次に、猫との暮らしを応援する2つめのビジネスを紹介する。2019年に登場し、進化を続けているのが、猫の生活を記録し、スマートフォンで飼い主に知らせてくれる「Catlog」。デバイスの商品ラインナップは、首輪として装着するCatlogと、トイレの下に置くCatlog Board、2種類がある。
首輪型は食事や排泄の回数、睡眠など猫の行動を24時間見守る。また健康状態を分析し、異常があればアラート通知してくれる。
Catlog Boardは排泄の回数や量、トイレの滞在時間、体重などを測定。排泄トラブル、体重の異常な増減を気付きにくい段階で知らせるため、猫がかかりやすい泌尿器の病気などを早期に発見できる。
Catlogの技術の基盤となっているのが実際の飼い猫にCatlogを装着し、集めた行動データだ。これに基づいて猫の行動分析を行っているため、精度の高い情報が得られる。

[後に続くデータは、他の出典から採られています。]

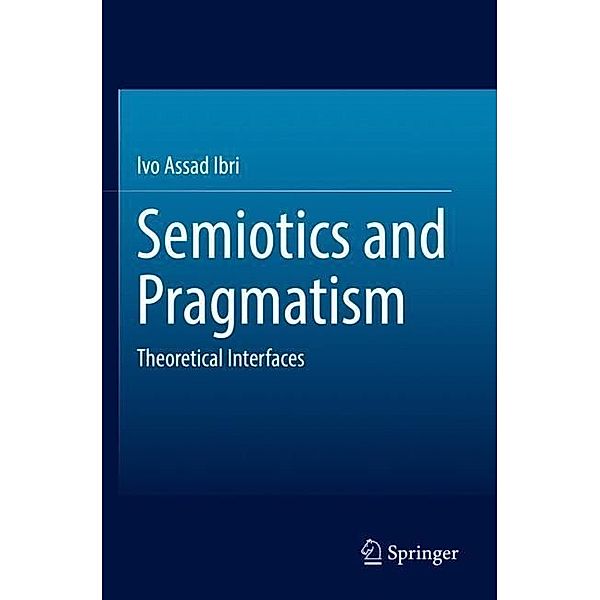 Semiotics and Pragmatism, Ivo Assad Ibri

またユーザーが増えるに従い、日々、データの件数も増えており、現在、150億件以上のデータが蓄積されているそうだ。発売元のRABOでは、その膨大なデータを元に、このたび新たな機能を追加した。
Catlogに加わったのが嘔吐の検知だ。具体的には「喉元の動き」などで嘔吐の可能性を測定する。
猫はよく吐く動物だ。急いで食べすぎても吐くし、毛づくろいで飲み込んでしまった毛が、胃にたまっても吐く。
心配されるのが誤嚥や病気に起因する嘔吐だ。頻度や嘔吐物の色、内容などから判断する必要がある。